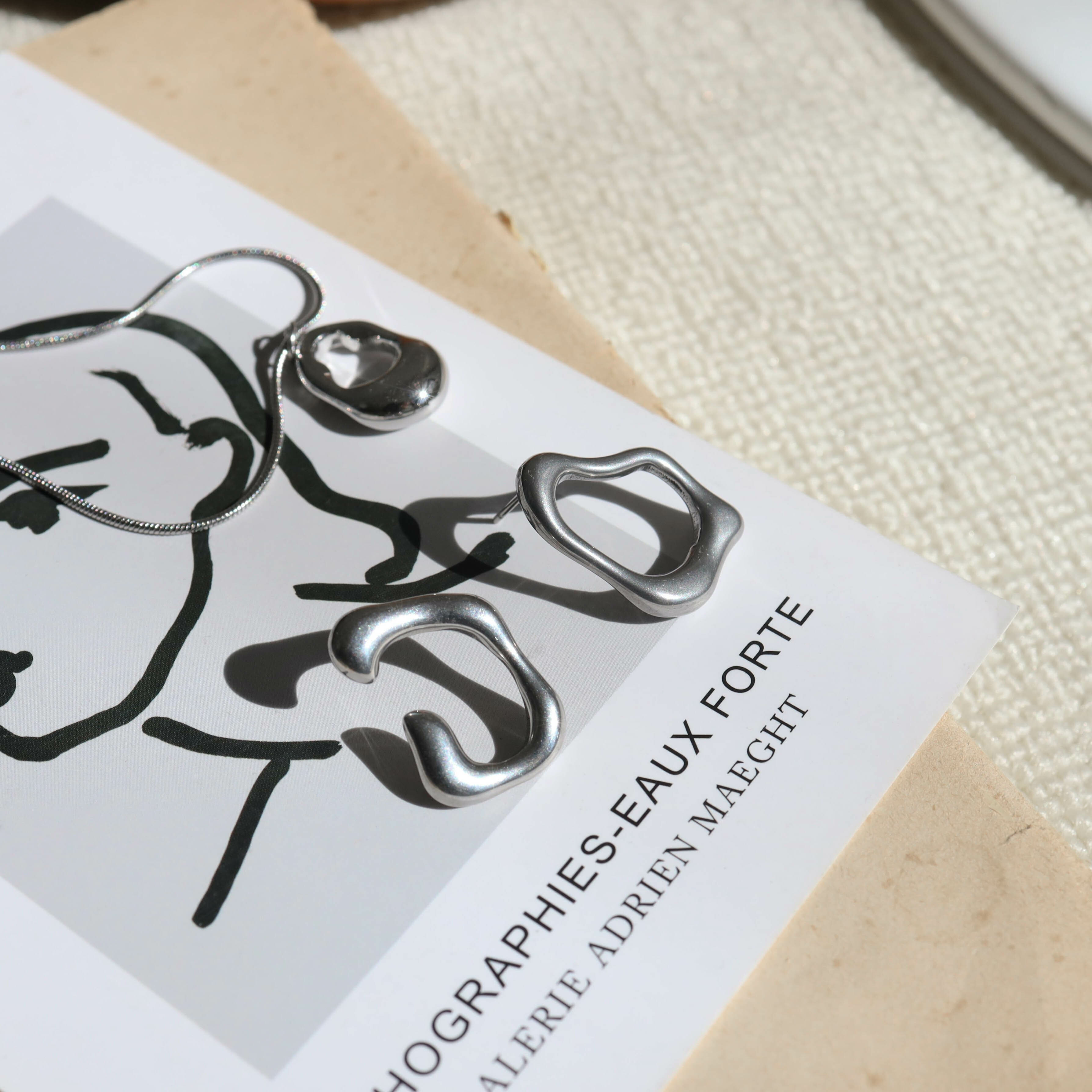 不怕水不對稱設計感圈圈耳針式耳環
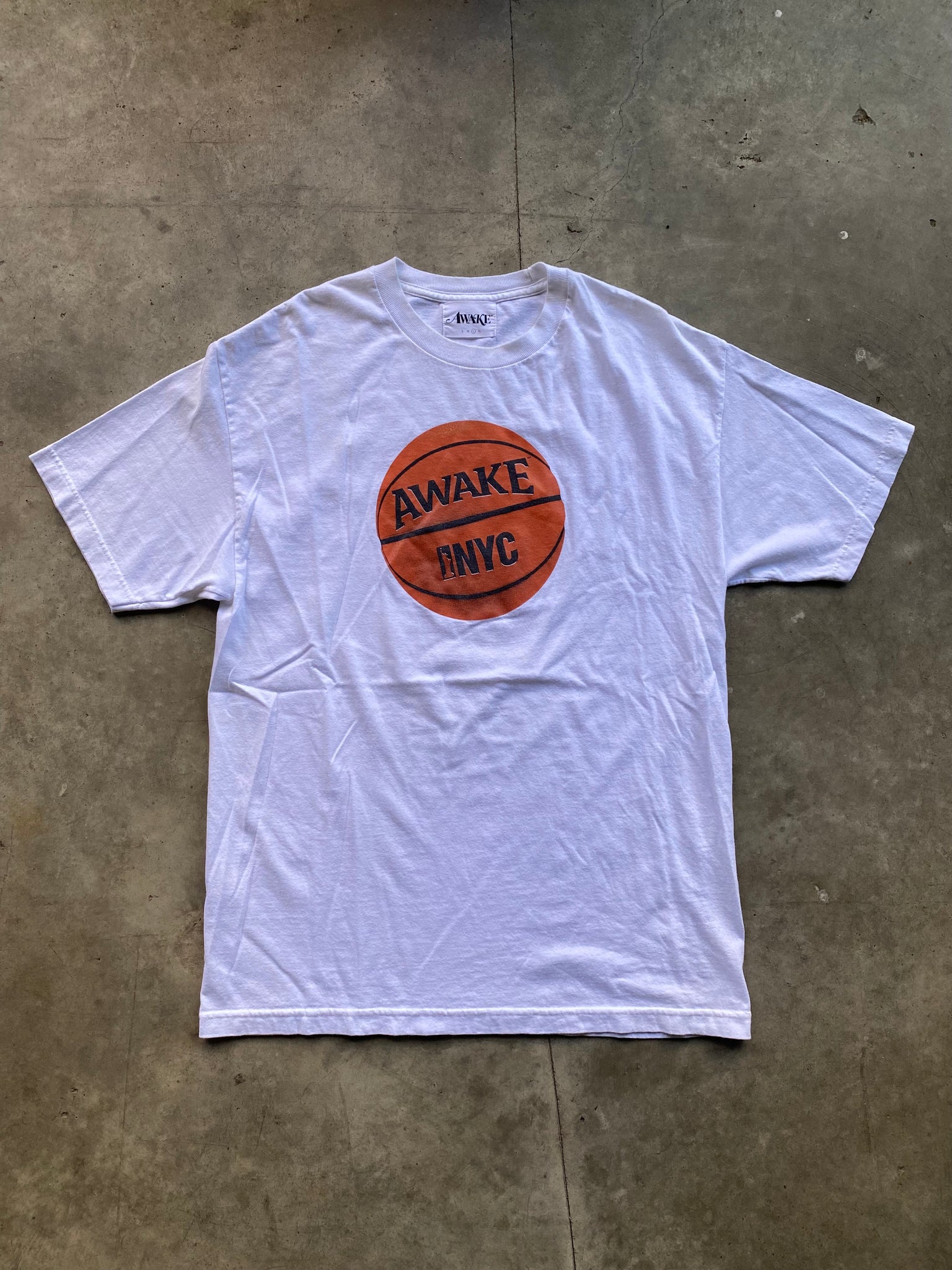 AWAKE NYC BASKETBALL TSHIRT / LARGE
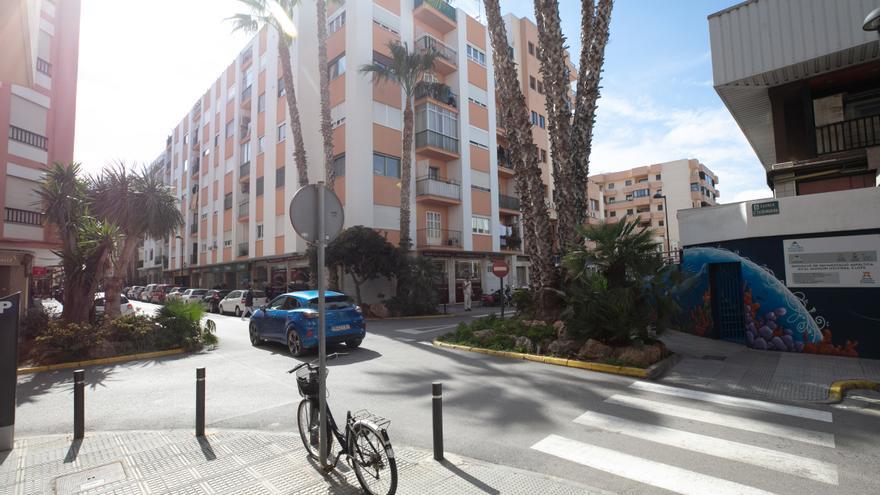 Detenida una joven por acuchillar a su pareja en una calle de Ibiza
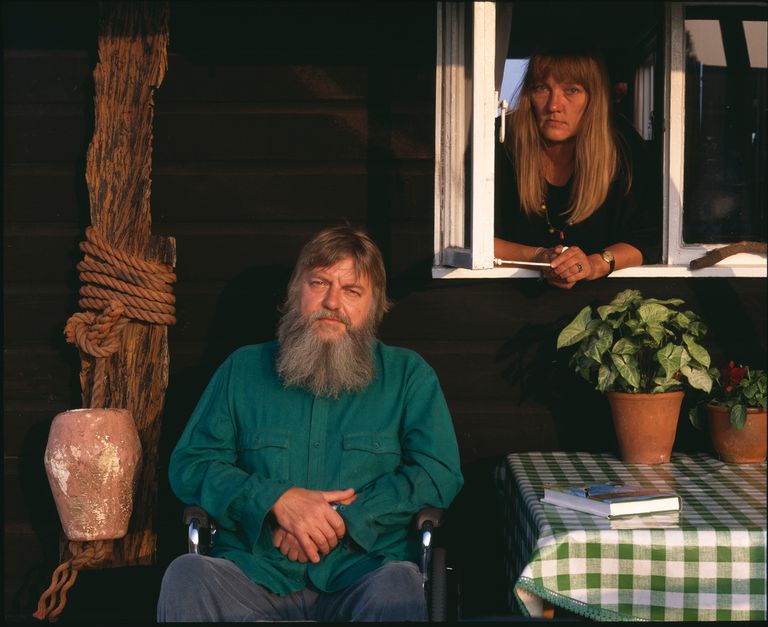 Robert Wyatt y Alfie Benge (en la ventana), en una imagen de los años ochenta.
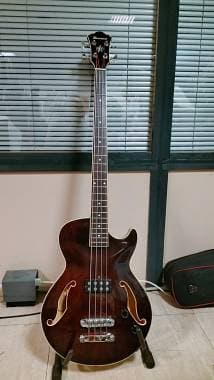 Basso Ibanez Artcore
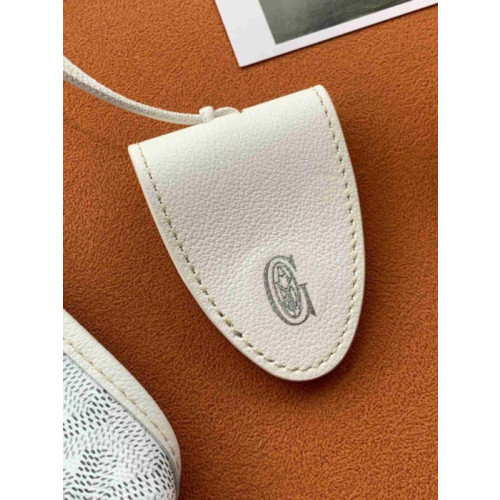Goyard Anjou Mini Heart White Bag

---*---

Word for word, repeat each record above; leave out every picture.

 不怕水不對稱設計感圈圈耳針式耳環
 AWAKE NYC BASKETBALL TSHIRT / LARGE
 Detenida una joven por acuchillar a su pareja en una calle de Ibiza
 Robert Wyatt y Alfie Benge (en la ventana), en una imagen de los años ochenta.
 Basso Ibanez Artcore
Goyard Anjou Mini Heart White Bag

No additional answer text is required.